▸ **Records for the exercise**:
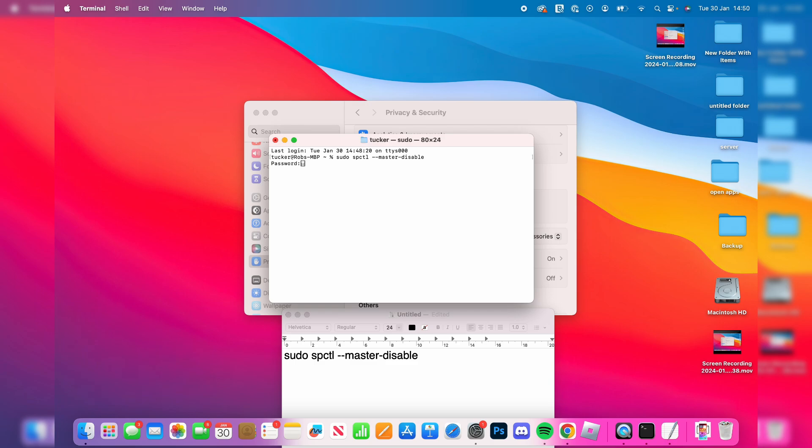Hit Enter and then enter your password. I'll do that now. And you've now executed it.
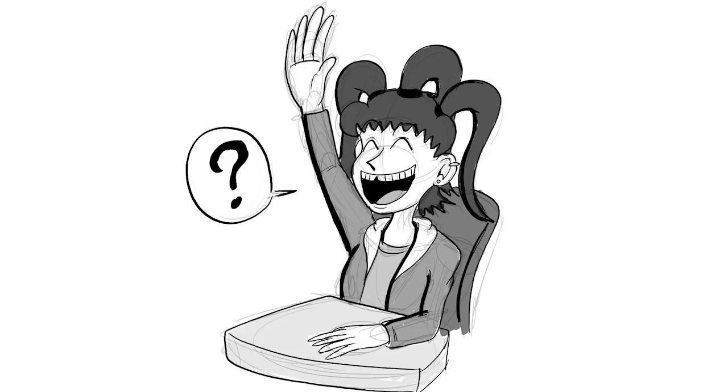So yeah, ask your questions in the comments section below, and I will answer them on the following Monday. Later guys, JFM out. Goodbye.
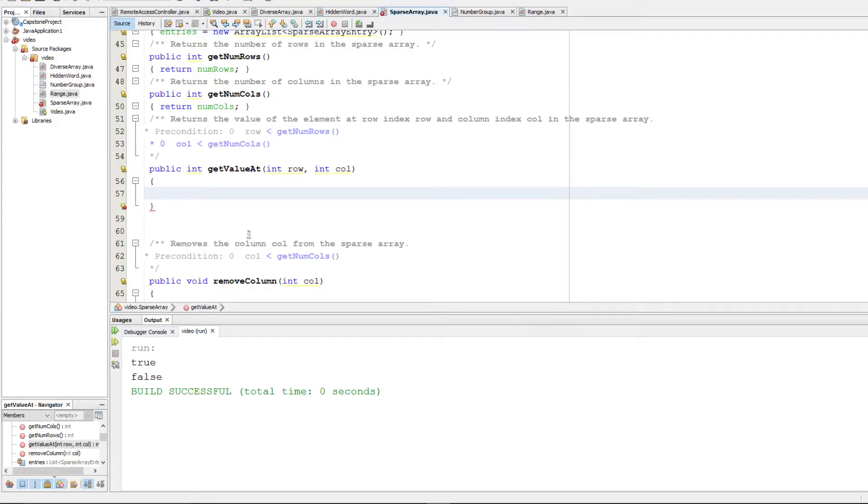Hello and welcome back to AP Computer Science. This is going to be question 3 on the 2015 exam. We're going to cover this sparse array problem.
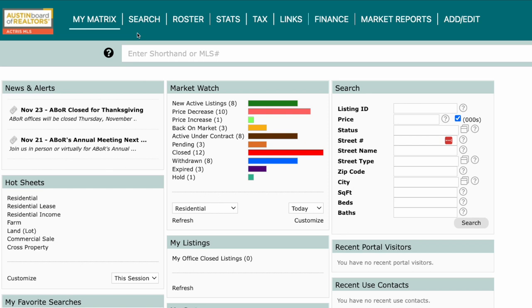Perhaps you've got a client searching for a specific feature of a property that isn't part of the search criteria within the NLS. You can still help them look for properties with this feature, but in order to do so, you'll want to conduct a wildcard search.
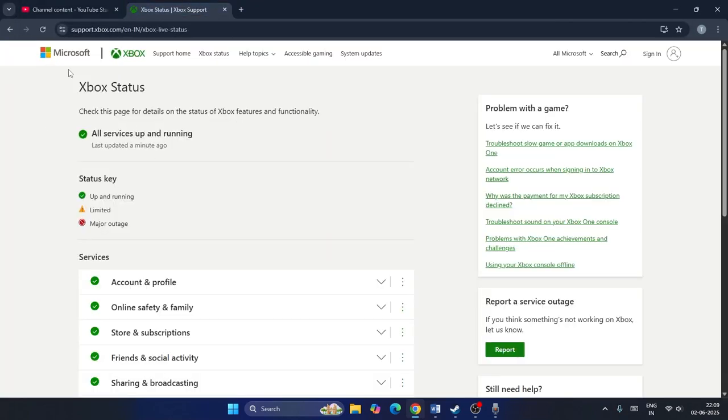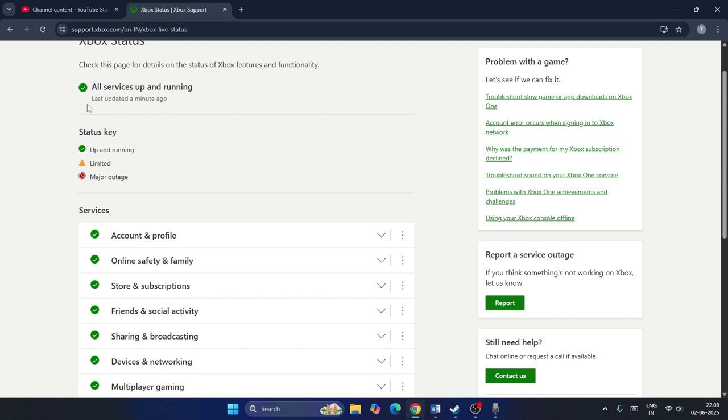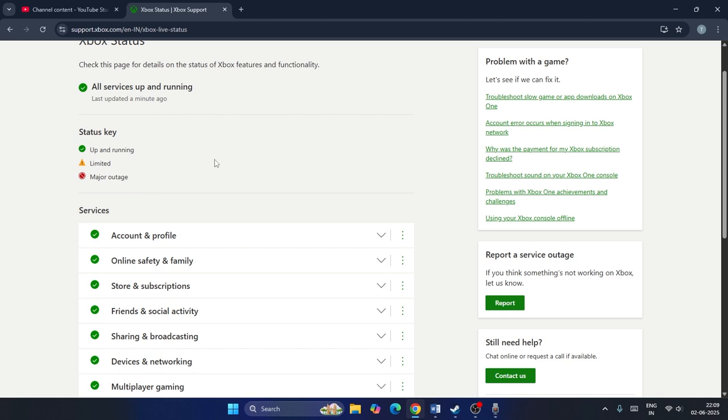Check if Xbox is running or if there are any outages. For example, it's up and running right now - all services are up and running. Sometimes it might be limited or might be going through a major outage, so that's why you might be having issues with Forza Horizon 5. Make sure to check this first.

▸ **Your goal**: Write the records out in full, word for word; leave every picture behind.

▸ **Task response**:
Hit Enter and then enter your password. I'll do that now. And you've now executed it.
So yeah, ask your questions in the comments section below, and I will answer them on the following Monday. Later guys, JFM out. Goodbye.
Hello and welcome back to AP Computer Science. This is going to be question 3 on the 2015 exam. We're going to cover this sparse array problem.
Perhaps you've got a client searching for a specific feature of a property that isn't part of the search criteria within the NLS. You can still help them look for properties with this feature, but in order to do so, you'll want to conduct a wildcard search.
Check if Xbox is running or if there are any outages. For example, it's up and running right now - all services are up and running. Sometimes it might be limited or might be going through a major outage, so that's why you might be having issues with Forza Horizon 5. Make sure to check this first.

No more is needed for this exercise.